Он был деревянным, совсем небольшим, и вместо обычного для рыцарских замков просторного пиршественного зала имел только ремтер (трапезную) – длинное, темное и неуютное помещение, меблированное дубовыми столами и лавками. Сержанты трапезничали после того, как насытятся рыцари и покинут ремтер; вслед за ними пищу принимали кнехты. Все они едва различали друг друга при скудном свете жировых светильников. Источников света было совсем немного – брат-служитель, исполнявший роль эконома, был таким же скрягой, как и его начальник, маршал Дитрих фон Бернхайм, и лично отмерял порцию жира полубратьям, которые следили за чистотой зала и накрывали на столы.
Иногда в трапезной зажигались и восковые свечи, но они были очень дорогими, и ими освещали зал только тогда, когда Эльбинг навещали высокопоставленные военачальники Тевтонского ордена – ландмейстер, комтуры (командоры других крепостей) или фогты.

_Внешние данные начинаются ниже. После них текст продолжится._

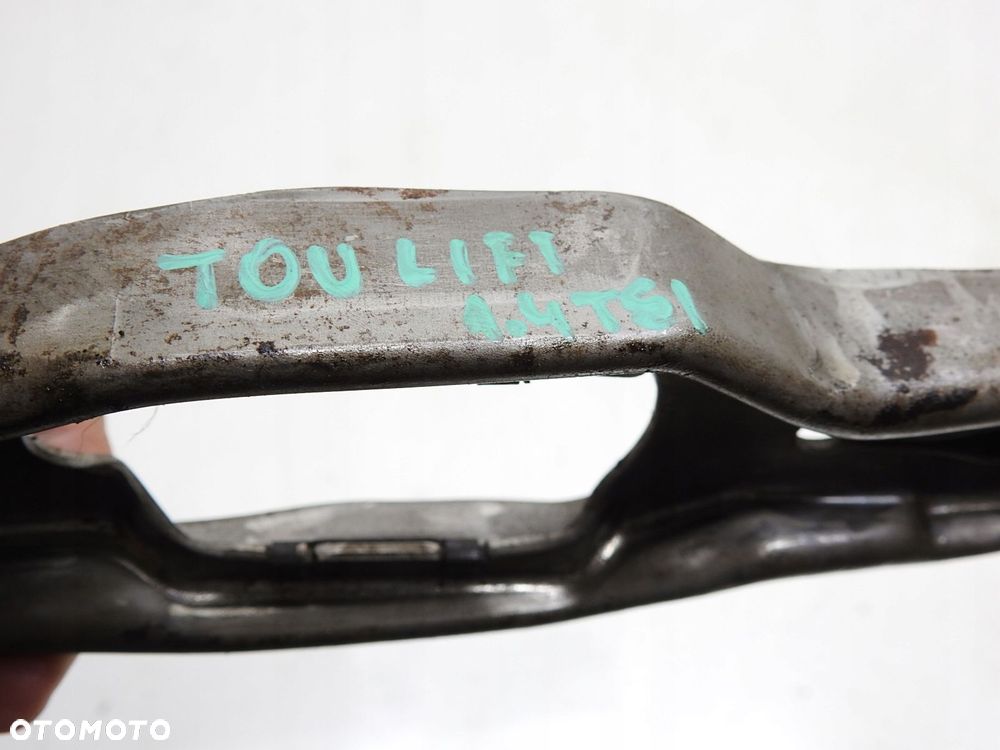 ŁAPA SPRZĘGŁA VW TOURAN 1.4 TSI - 6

Интерес Хуберта к происходящему был чисто познавательный – обычно на таких пирах он черпал вдохновение, – в отличие от устремлений святого отца, исходившего слюной при виде разнообразных яств, от которых ломились столы. Нужно сказать, что на этот раз маршал наступил на горло своей песне и не поскупился на угощение рыцарям. Ему очень хотелось привлечь их всех под свои знамена для похода на пруссов. По его расчетам выходило, что тевтонских рыцарей – главной ударной силы войска – не хватает, поэтому польские, венгерские и прочие знатные вояки могли бы здорово усилить бронированный кулак Тевтонского ордена.
Менестрелю много раз приходилось бывать на пирах у баронов, и он любил не столько само пиршество, сколько его предвкушение и блистательное начало. Каким шумом наполнялся обычно пустынный и мрачный главный зал замка! Какие богатые краски расцветали под светом многочисленных факелов и свечей! Зал совершенно преображался, делался другим, незнакомым, где-то даже сказочным. Становились видны развешанные по стенам гербы хозяина замка, красочные баннеры и флаги, разнообразное оружие, а тщательно отмытые узкие витражные окна расцвечивали каменные плиты пола разноцветными кусочками световой мозаики (обычно пиры начинались засветло, под вечер).
Но самым потрясающим моментом был тот, когда в зал входили разодетые гости. Разноцветные шелка, меха, золотые галуны, драгоценности… Особенно богаты были пояса. У дам концы поясов ниспадали почти донизу; они обильно украшались топазами, агатами и другими каменьями. Их волосы были тщательно причесаны и заплетены в тяжелые косы, перевиты цветными лентами и золотыми нитями. У многих дам (и мужчин) на головах красовались золотые обручи, на которых сияли драгоценные камни. Блеск золота, серебра и драгоценных каменьев, приятное сочетание цветных материй, среди которых преобладали синий и красный цвета различных оттенков, необычайно оживляли картину, развертывавшуюся перед глазами восхищенного наблюдателя.